◆ **Required work**
Could you retype the lines below, starting at the line holding "Nude Almond Nails" and stopping at the line holding "a dining room", inclusive? Copy them exactly and drop the images.

◆ **Source records**
++++++++++

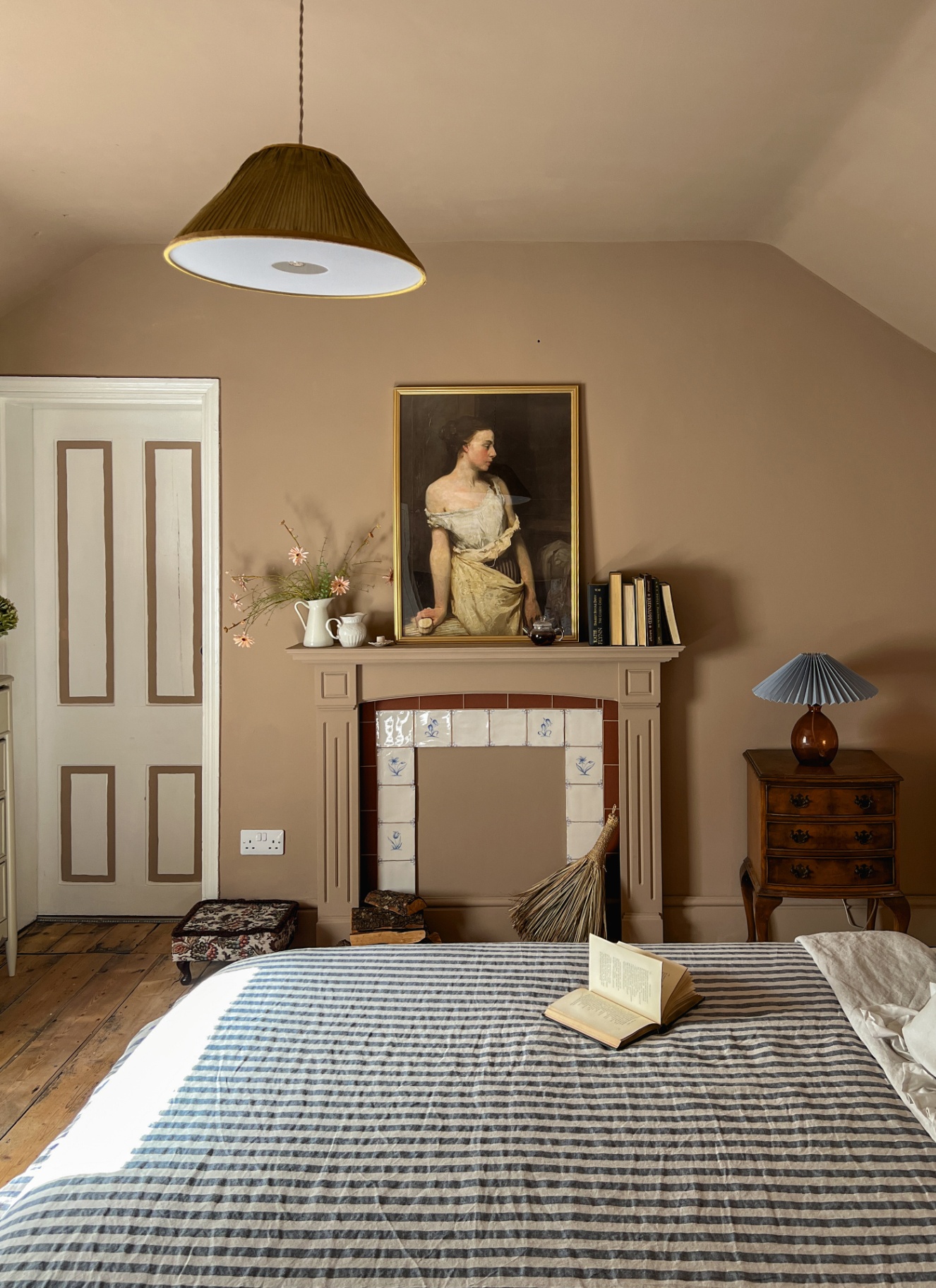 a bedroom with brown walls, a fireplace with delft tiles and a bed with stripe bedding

++++++++++

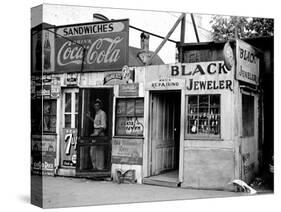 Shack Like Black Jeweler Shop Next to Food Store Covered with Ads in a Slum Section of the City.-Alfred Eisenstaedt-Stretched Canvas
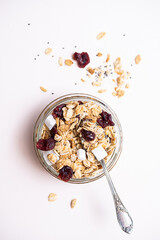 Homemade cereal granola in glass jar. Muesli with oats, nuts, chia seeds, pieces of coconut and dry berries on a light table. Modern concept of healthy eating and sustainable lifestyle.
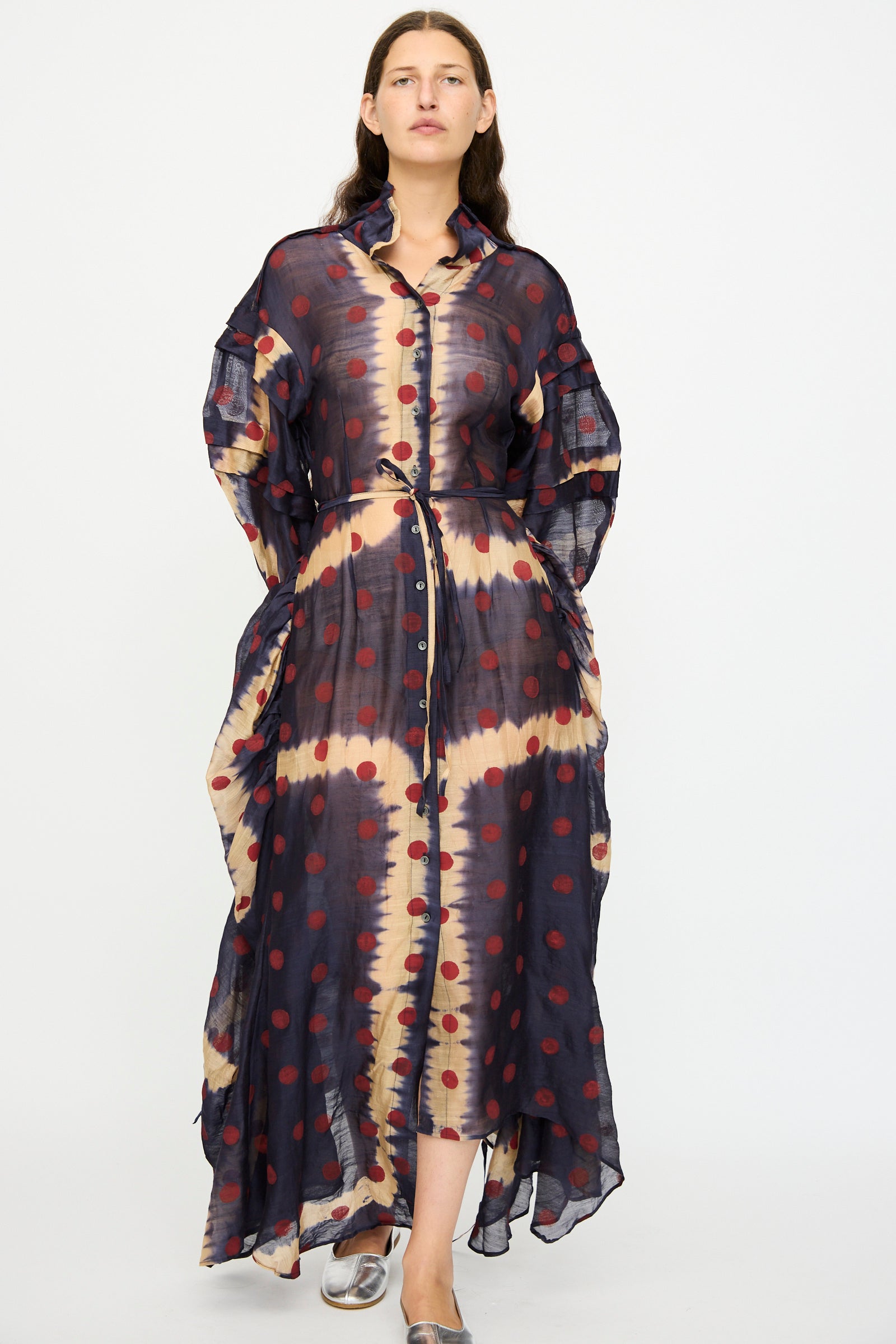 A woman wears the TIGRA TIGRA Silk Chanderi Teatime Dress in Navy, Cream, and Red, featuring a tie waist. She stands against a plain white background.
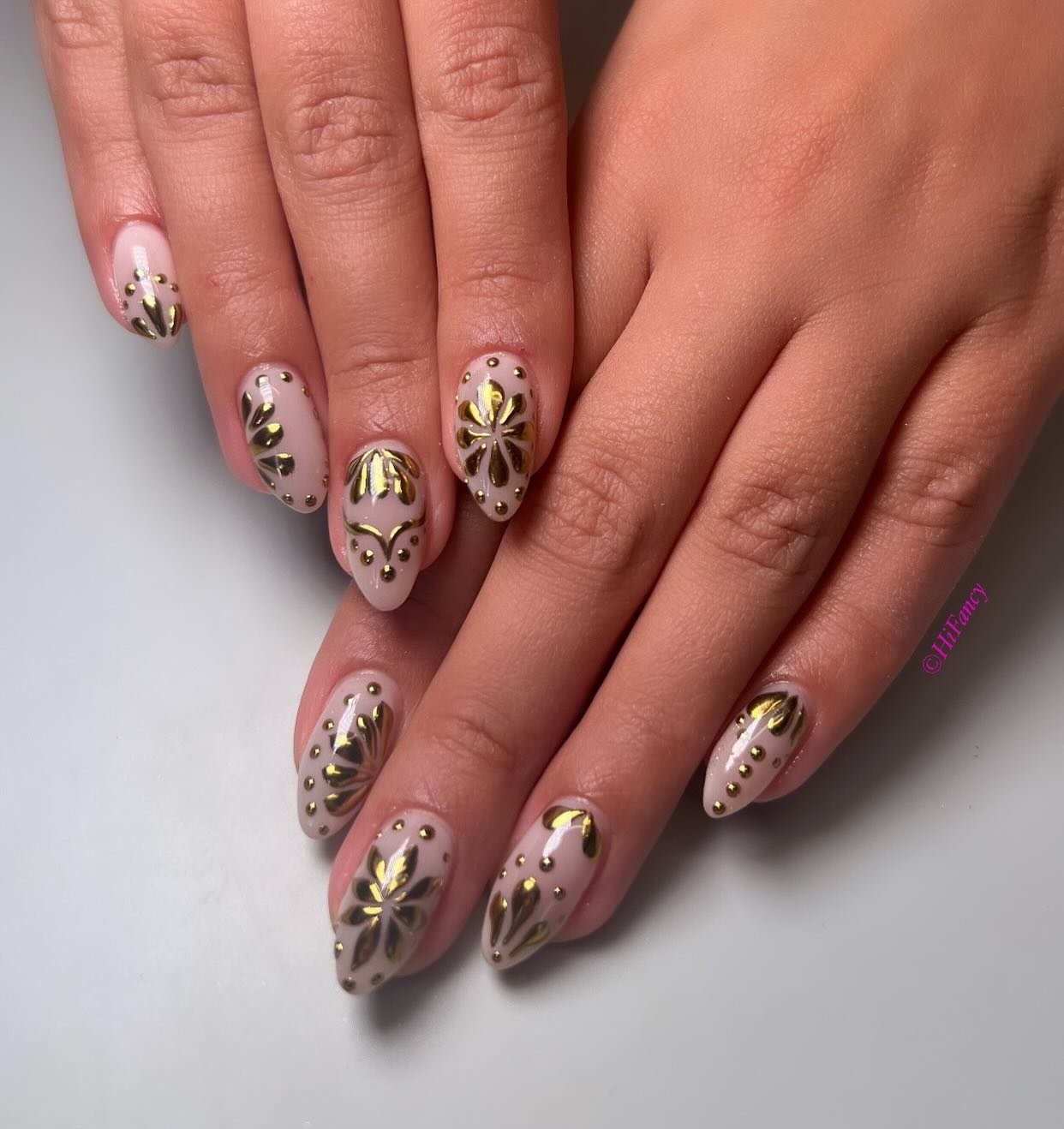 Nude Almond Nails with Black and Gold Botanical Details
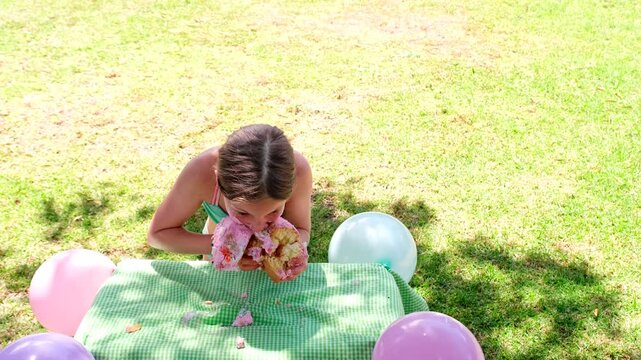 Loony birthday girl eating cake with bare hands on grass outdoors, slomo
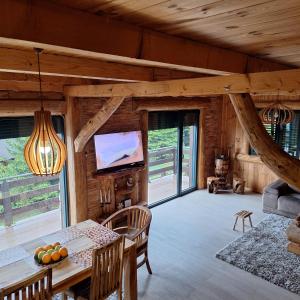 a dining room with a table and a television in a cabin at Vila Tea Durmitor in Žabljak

++++++++++

◆ **Expected answer**
 Nude Almond Nails with Black and Gold Botanical Details
 Loony birthday girl eating cake with bare hands on grass outdoors, slomo
 a dining room with a table and a television in a cabin at Vila Tea Durmitor in Žabljak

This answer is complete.